What the task asks:
Can the lines below, from the one that holds "HAN SOLO STAR" to the very end, be echoed exactly, with both ends included and no pictures?

Supplied entries:

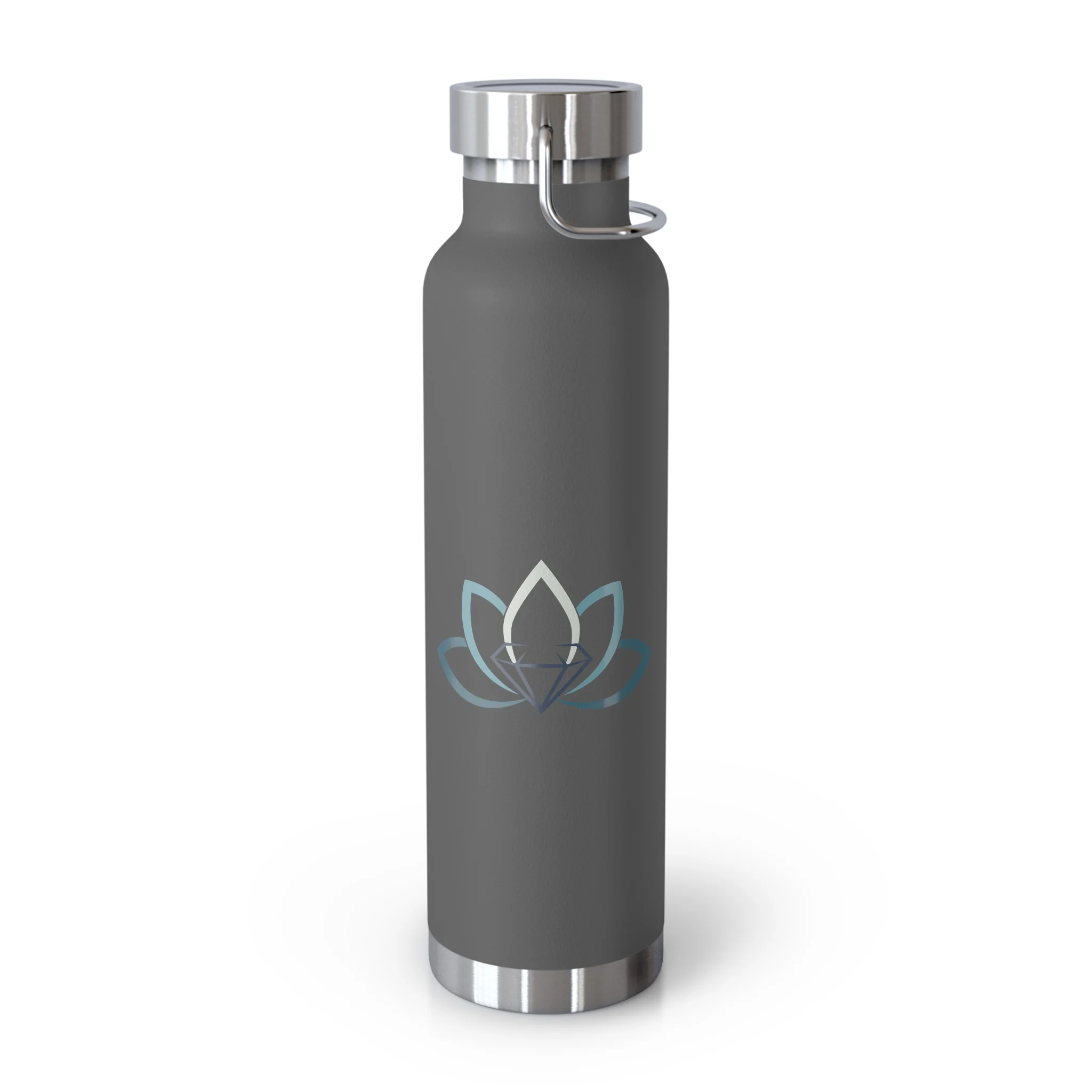 Copper Insulated Bottle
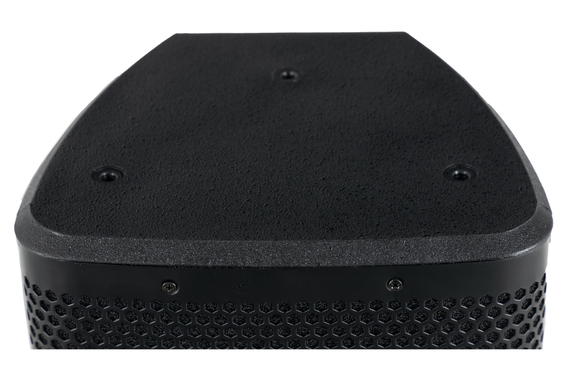 Pronomic Powerstage Concert 1508 2.1 Système PA Actif 700 Watts image 5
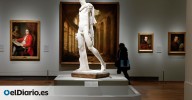 La exposición del "creador" del neoclasicismo con la que el Prado cierra 2025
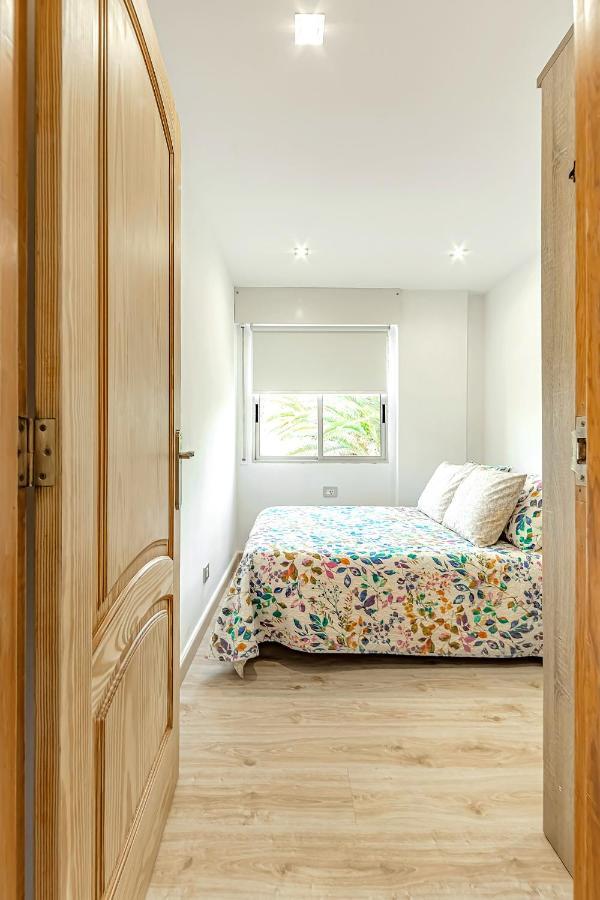 Luxury 3 Bedroom Perla Del Mar Costa Adeje  Exteriör bild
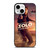 HAN SOLO STAR WARS STORY iPhone 13 Mini Case Cover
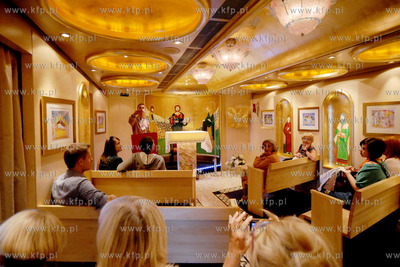 Po raz ostatni w tym sezonie do gdynskiego portu i...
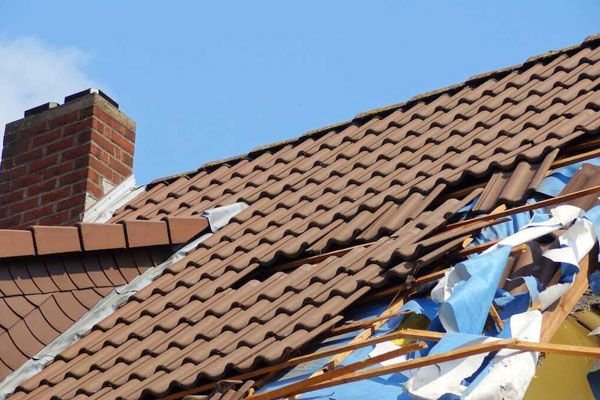 Roof Repair Services In Irvine CA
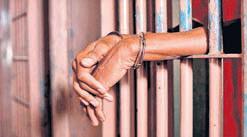 3 arrested for thrashing, dragging youth on road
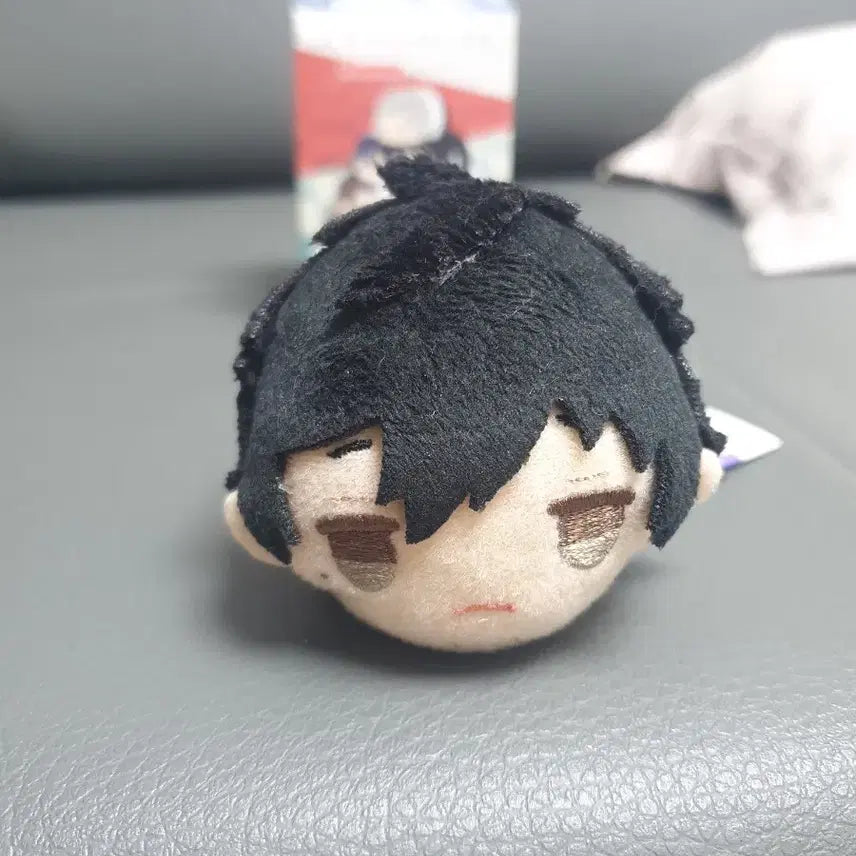 [BUNJANG] Bungo Stray Dogs Dead Apple Mochi Mascot / 문호 스트레이독스 데드애플 모찌 마스코트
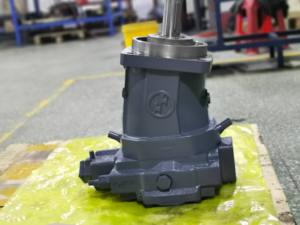 Pompe hydraulique A7VO160LRH1_61R-VPB01 Pompe hydraulique A7VO160LRH1_61R-VPB01 MKS Hydraulics A7VO160LR - Product Image 5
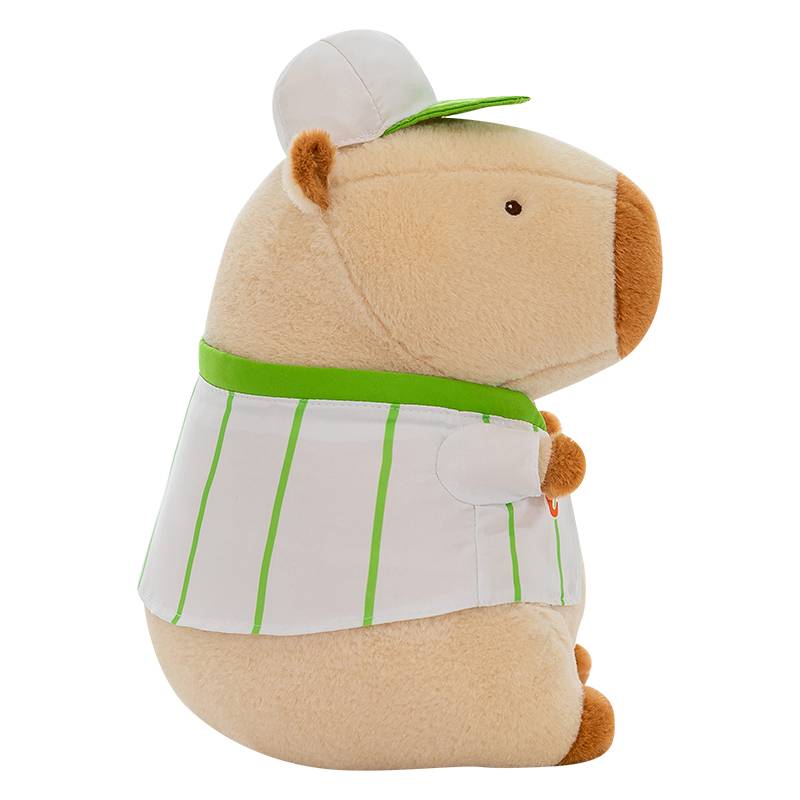 Baseball Card Poselar doll Pink Dolka Mouse Plush Toys Children Sleeping Pillow Birthday Gift Woman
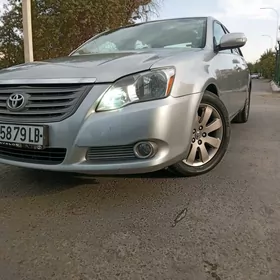 Toyota Avalon 2007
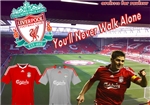 "You'll Never Walk Alone"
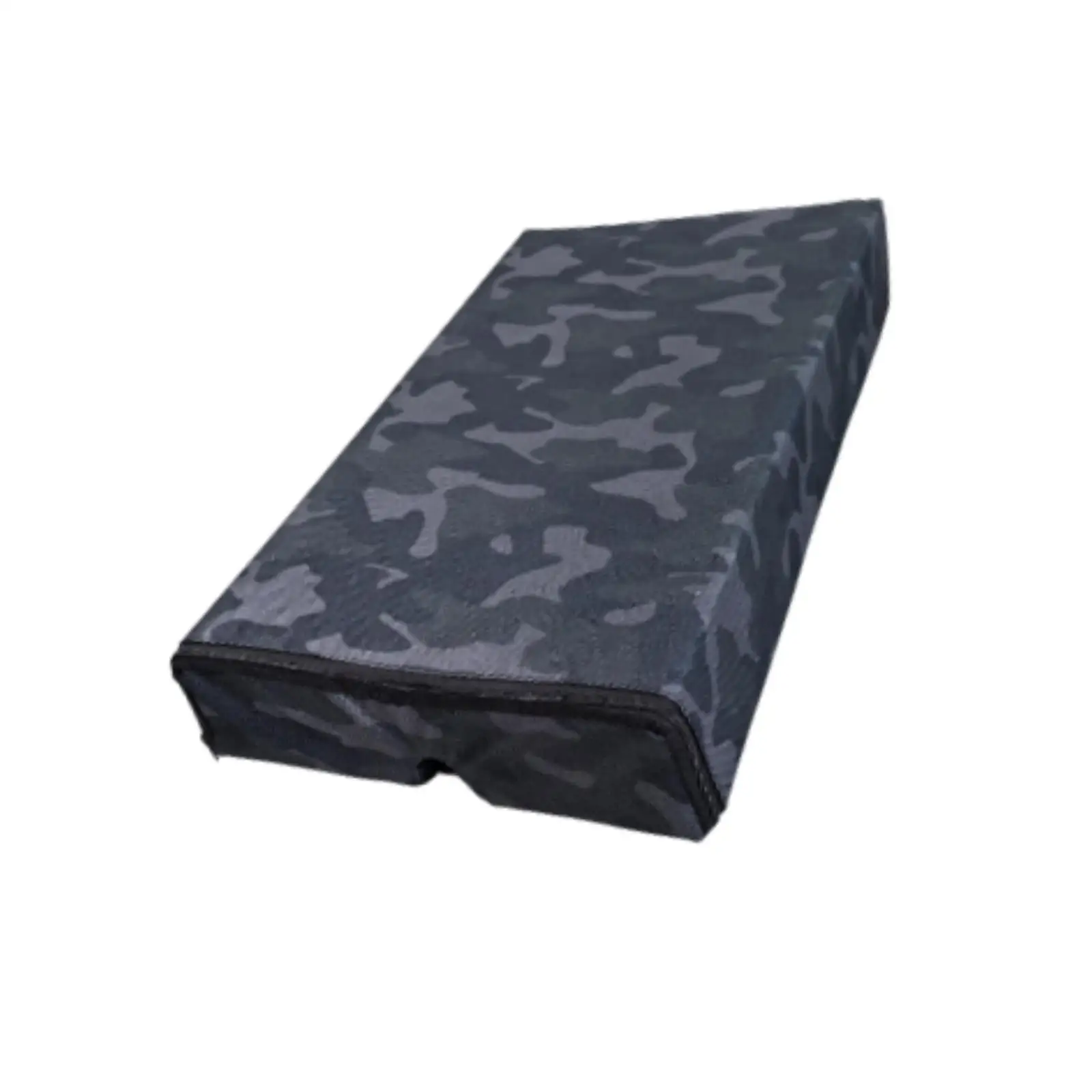 Hip Cushion Pad Portable Tilt Pad Barbell Bench Back Support Squat Rack Replacement for Workout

Response area:
 HAN SOLO STAR WARS STORY iPhone 13 Mini Case Cover
 Po raz ostatni w tym sezonie do gdynskiego portu i...
 Roof Repair Services In Irvine CA
 3 arrested for thrashing, dragging youth on road
 [BUNJANG] Bungo Stray Dogs Dead Apple Mochi Mascot / 문호 스트레이독스 데드애플 모찌 마스코트
 Pompe hydraulique A7VO160LRH1_61R-VPB01 Pompe hydraulique A7VO160LRH1_61R-VPB01 MKS Hydraulics A7VO160LR - Product Image 5
 Baseball Card Poselar doll Pink Dolka Mouse Plush Toys Children Sleeping Pillow Birthday Gift Woman
 Toyota Avalon 2007
 "You'll Never Walk Alone"
 Hip Cushion Pad Portable Tilt Pad Barbell Bench Back Support Squat Rack Replacement for Workout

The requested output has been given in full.